Book cover: Riverhead Books

The guy who draws those comic strips with stick figures is actually a very capable and talented artist. Physics equations are the surefire road to absurdist humor. It only takes the 1,000 most common words to sell a million books. These are some of the contradictions one grows accustomed to in Randall Munroe’s world.

Munroe, who is the author of two best-selling books What If? and Thing Explainer and has gained Internet celebrity for his incisive XKCD comic strip, has a new book out this month called How To: Absurd Scientific Advice for Common Real-World Problems. In it, he offers hard-won advice in such essential matters as “How to build a lava moat” and “How to catch a drone with sports equipment.” (In the latter chapter, he enlists tennis star Serena Williams to knock a quadcopter out of the air using her powerhouse serves. It only took three tries.)

IEEE Spectrum spoke with Munroe in his fortress of solitude somewhere in Massachusetts. (This interview transcript has been edited.)
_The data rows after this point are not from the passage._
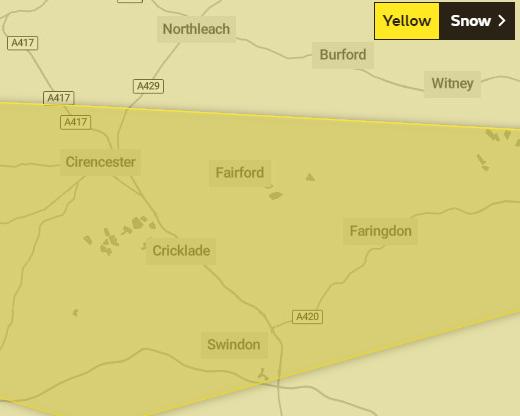 Weather warning for snow in Swindon on Saturday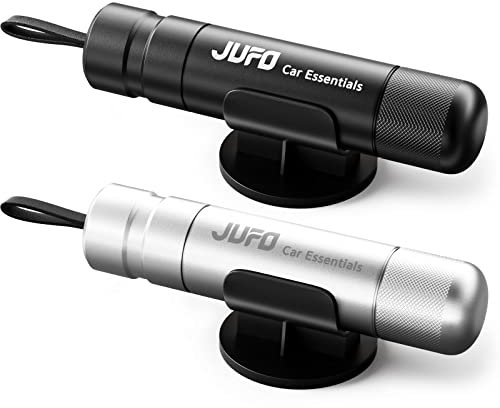 JUFO 2 packs Car Escape Tool with Seat Belt Cutter Quick Emergency Window Breaker Escape Safety Hammer (Black+Silver)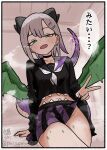  1girl :d artist_name black_choker black_sailor_collar black_shirt black_skirt blush border borrowed_character breasts breath choker clothes_lift cowboy_shot crossed_legs dragon_girl dragon_tail dragon_wings ear_piercing freckles fuyudori_yukino green_eyes green_nails green_wings grey_hair groin hair_between_eyes hair_ornament hairclip half-closed_eyes hand_rest highres horns lifting_own_clothes long_sleeves looking_at_viewer medium_breasts medium_hair mole mole_on_stomach mole_under_eye multicolored_hair multicolored_nails multicolored_sailor_collar multicolored_skirt navel neckerchief original piercing ponkotsu_kaku_shippo-chan_(rumford) purple_hair purple_nails purple_ribbon purple_scales purple_skirt ribbon sailor_collar school_uniform serafuku shirt sitting sketch_background skirt skirt_lift smile solo speech_bubble steam striped_clothes striped_skirt sweatdrop tail tail_ornament tail_ribbon talking translation_request twitter_username v vertical-striped_clothes vertical-striped_skirt white_neckerchief white_sailor_collar wings 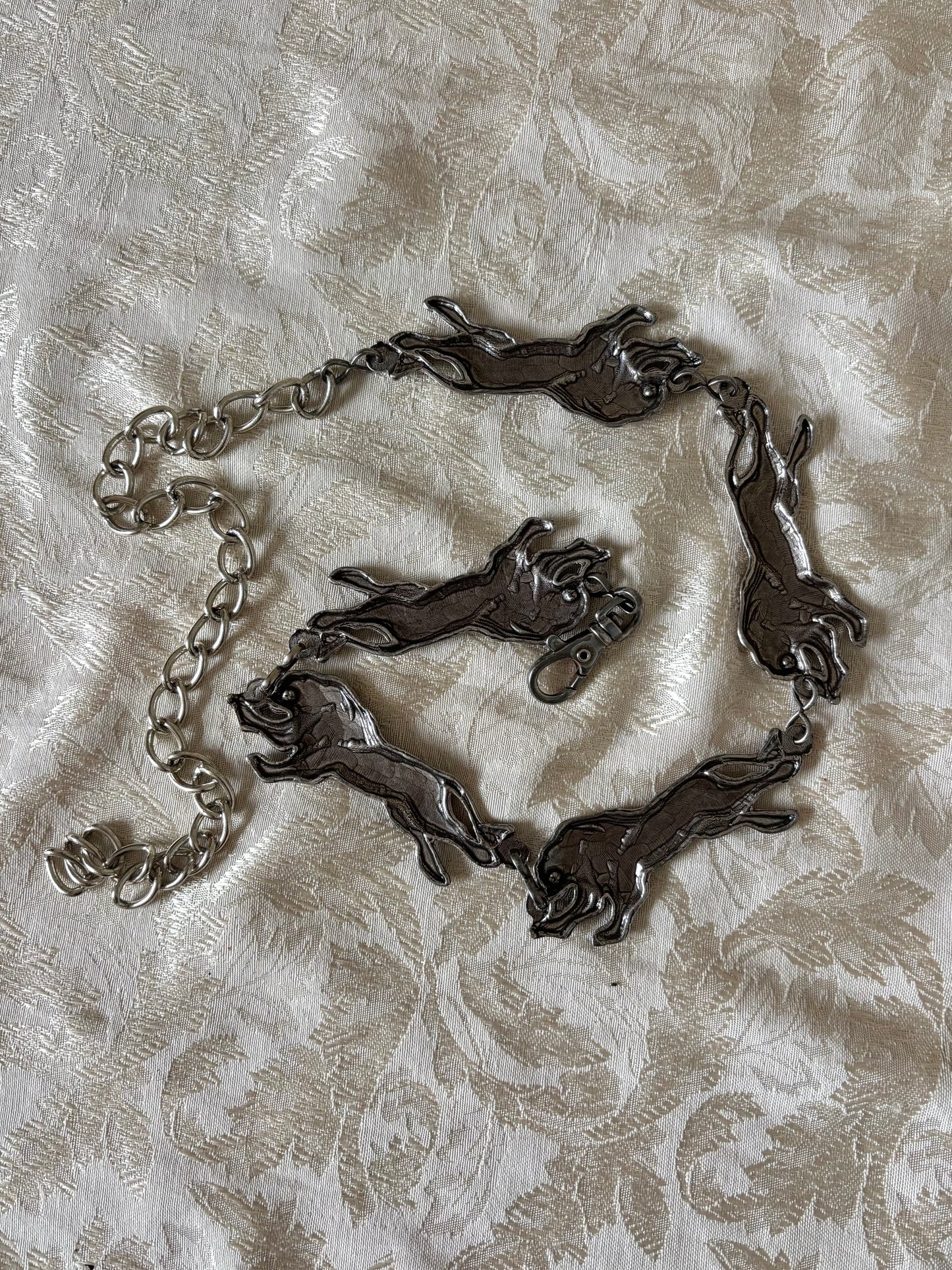 Vintage silver-tone lion chain belt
Spectrum: Boundaries seem important to your humor—finding them, exploring them, defying them.

Munroe: I was always the kid who, when I played a car racing game, and I’d see cool mountains on the horizon, I’d want to go off the track to get closer to them. You of course run into an invisible wall almost immediately. Games have gotten more sophisticated about that over the years. But I really like any story or any kind of exploration where you get to discover that the world is much bigger than you thought. Some of my favorite (XKCD) comics have been ones where I’ve taken something familiar and gotten to extend it beyond the bounds of where you think it can go.

You were a physics major in college, right?
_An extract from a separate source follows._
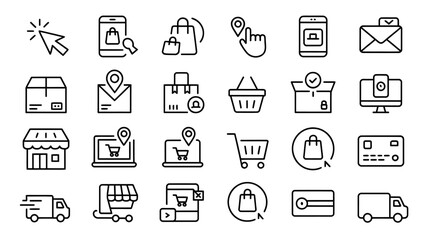A Set of 20 Black and White Line Art Icons for E-commerce and Online Shopping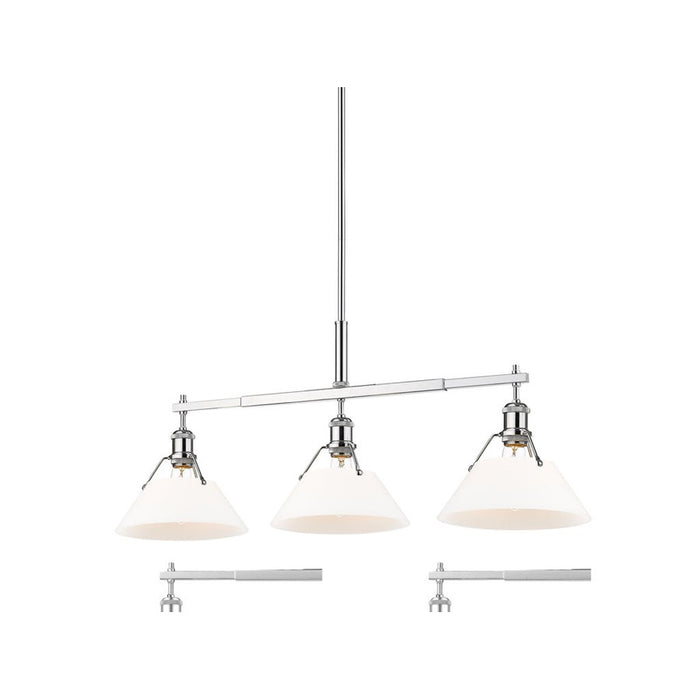 Golden Lighting Orwell 3-Light Linear Pendant, Chrome/Opal Glass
I had a physics major with a math and computer science minor.

Were you much of a doodler as a student?

That’s actually how I got started doing XKCD. A lot of the early strips I posted were just scans of things from my notebook. I’d post them to share with friends, because the notebooks were falling apart. But then they started getting passed around. So I said, “Well, if you like these things, I can draw more.”

You famously draw stick figures in your books and comic strips. Stick figures are of course canonical in physics lectures, created by physics professors who sometimes seem almost prideful in their inability to draw. But in your work, everything other than the stick figures are actually quite well rendered and carefully drawn—from spaceships to animals to cars and houses and various crazy inventions.

Teaching seems so difficult, and I’m very impressed by people who do it. But one thing for physics specifically, I feel like every physics professor would really gain from having a weekend course in drawing—or even just the basics. A course that taught you how to draw a cube, in perspective. I feel like a lot of my professors would have benefited from just that one specific thing.

What’s your pile of rejected ideas look like?

There’s lots of stuff where I decide it just doesn’t seem too interesting to me. Or where I don’t have a satisfying answer. But there was one example of something I cut from How To, which was “How to dry out your phone if it gets wet.” It’s hard to get a definitive answer on that. The most common suggestion is to put it in a container of rice. And that might be better than doing nothing. But it’s not actually that helpful. You’d do better setting it in a room with a fan blowing over it.

But it happened that one person I was hanging out with accidentally dropped his phone in a lake. And I jumped up and said, “A-ha! I just read everything on the Internet about how to dry out your phone.” But I realized that I didn’t have a great, practical answer. And that’s OK if the practical answer is easy to find somewhere else. But in a situation where I might be the authority that people have read on this, and if I don’t have a good answer and don’t even have a good authority to point them to, it felt weird using it as an example to explore all kinds of physics.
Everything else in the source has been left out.